The argument is made that the result of such a holding is to deprive appellees, innocent third parties, of a means of gaining a living, and they will thus suffer irreparable injury, because, as a practical question, they cannot recover from appellants in an action at law. Every strike deprives innocent third parties of a means of earning a livelihood as long as the strike is in progress. Certainly no one in this day would argue that all strikes, no matter what their purpose, should be enjoined because innocent third parties are thereby injured.

To permit injunctions restraining employees from quitting peaceably their employment under the circumstances shown here would be contrary to the weight of authority and against wise public policy. If, before or after the members of a labor union cease work, they should attempt, by violence, threats of violence or by any other unlawful methods used against either the employees or employer, to compel other employees to quit the service of their employer, then a different situation would be presented.

Cartwright, J., Dunn, C. J., and Hand, J.:

We do not understand that the views of three justices as expressed in the opinion of Mr.
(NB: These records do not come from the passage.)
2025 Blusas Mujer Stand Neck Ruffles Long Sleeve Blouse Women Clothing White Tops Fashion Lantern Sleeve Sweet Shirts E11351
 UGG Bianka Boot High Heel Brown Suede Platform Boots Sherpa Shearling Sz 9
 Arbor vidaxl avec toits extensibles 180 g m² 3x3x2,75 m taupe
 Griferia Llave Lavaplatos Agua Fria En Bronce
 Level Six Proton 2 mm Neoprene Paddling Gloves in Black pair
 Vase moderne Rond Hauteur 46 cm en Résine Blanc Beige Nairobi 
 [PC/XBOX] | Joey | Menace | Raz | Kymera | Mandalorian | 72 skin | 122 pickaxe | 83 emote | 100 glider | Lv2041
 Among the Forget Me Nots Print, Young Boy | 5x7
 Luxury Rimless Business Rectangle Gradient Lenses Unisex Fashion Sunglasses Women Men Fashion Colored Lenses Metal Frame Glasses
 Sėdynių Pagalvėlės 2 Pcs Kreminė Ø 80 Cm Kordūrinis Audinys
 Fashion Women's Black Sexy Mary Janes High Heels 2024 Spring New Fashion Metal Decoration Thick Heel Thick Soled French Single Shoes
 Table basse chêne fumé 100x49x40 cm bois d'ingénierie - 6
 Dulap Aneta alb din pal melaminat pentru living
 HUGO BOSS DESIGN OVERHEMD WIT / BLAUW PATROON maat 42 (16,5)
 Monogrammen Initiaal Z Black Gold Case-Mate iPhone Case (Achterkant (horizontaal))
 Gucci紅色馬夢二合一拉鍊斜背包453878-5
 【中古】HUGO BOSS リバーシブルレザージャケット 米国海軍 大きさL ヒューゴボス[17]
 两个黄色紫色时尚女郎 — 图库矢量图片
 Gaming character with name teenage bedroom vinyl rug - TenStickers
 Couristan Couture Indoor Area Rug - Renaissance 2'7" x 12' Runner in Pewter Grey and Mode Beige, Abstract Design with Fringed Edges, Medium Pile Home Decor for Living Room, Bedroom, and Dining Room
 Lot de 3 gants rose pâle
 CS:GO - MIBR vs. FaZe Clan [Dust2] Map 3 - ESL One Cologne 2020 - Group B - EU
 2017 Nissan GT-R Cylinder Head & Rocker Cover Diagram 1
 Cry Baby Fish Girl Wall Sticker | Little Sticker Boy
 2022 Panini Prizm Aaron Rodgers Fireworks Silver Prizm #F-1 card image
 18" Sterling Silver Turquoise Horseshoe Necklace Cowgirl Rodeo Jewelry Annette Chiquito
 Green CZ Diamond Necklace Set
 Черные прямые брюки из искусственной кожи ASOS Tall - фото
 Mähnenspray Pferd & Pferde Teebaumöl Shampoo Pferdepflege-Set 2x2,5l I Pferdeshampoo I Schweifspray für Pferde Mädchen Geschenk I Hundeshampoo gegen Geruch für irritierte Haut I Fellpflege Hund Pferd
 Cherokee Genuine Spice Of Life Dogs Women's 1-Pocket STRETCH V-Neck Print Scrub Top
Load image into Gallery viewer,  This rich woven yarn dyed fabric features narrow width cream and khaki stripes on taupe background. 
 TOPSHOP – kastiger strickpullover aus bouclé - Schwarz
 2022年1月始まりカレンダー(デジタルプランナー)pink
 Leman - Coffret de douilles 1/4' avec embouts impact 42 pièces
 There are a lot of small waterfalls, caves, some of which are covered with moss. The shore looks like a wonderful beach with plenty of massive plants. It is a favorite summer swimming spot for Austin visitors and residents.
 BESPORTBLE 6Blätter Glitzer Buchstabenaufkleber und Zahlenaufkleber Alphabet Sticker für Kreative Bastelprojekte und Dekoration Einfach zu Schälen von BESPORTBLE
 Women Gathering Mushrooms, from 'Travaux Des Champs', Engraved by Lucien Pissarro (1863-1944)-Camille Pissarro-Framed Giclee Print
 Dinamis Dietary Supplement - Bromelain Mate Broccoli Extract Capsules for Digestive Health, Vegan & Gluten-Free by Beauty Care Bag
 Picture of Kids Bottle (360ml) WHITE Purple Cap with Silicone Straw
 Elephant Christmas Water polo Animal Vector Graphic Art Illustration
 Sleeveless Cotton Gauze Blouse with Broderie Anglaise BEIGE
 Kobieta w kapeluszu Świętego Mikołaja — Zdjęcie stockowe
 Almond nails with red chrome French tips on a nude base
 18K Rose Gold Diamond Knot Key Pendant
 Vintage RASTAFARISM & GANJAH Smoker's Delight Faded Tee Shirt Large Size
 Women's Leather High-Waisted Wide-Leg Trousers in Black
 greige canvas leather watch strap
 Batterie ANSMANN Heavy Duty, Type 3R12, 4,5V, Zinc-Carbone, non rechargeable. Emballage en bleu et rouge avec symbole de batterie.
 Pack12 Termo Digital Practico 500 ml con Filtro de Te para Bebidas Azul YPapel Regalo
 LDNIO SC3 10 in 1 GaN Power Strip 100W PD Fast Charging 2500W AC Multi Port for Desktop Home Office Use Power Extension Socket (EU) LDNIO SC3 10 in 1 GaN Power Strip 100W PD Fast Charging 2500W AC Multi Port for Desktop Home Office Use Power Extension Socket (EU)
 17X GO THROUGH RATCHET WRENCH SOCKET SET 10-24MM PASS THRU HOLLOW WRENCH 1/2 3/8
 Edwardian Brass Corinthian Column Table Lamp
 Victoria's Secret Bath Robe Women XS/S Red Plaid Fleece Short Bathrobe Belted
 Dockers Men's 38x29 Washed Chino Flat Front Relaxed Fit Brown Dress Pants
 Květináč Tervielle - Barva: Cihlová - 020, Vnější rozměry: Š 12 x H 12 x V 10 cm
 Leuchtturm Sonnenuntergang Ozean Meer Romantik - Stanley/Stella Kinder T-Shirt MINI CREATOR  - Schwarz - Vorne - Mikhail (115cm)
Justice Cooke nor our own opinion as to the legal questions involved in this case establishes the law of the State, but that the concurrence of a fourth justice in the conclusion that the judgment of the Appellate Court shall be reversed and the decree of the circuit court affirmed disposes of this case. The result thus reached is contrary to the law of this State, as we understand it, declared in repeated decisions covering a period of fourteen years. This court expounds and declares the law of this State, and, having done so, it is not necessary, and we do not regard it as proper, to resort to the decisions of a few other States for the purpose of establishing different rules. There ought to be stability in the law and the decisions of the courts, and the settled law ought not to be overturned because of dissenting opinions which did not express the views of the court or because decisions of other courts of a contrary nature may be found.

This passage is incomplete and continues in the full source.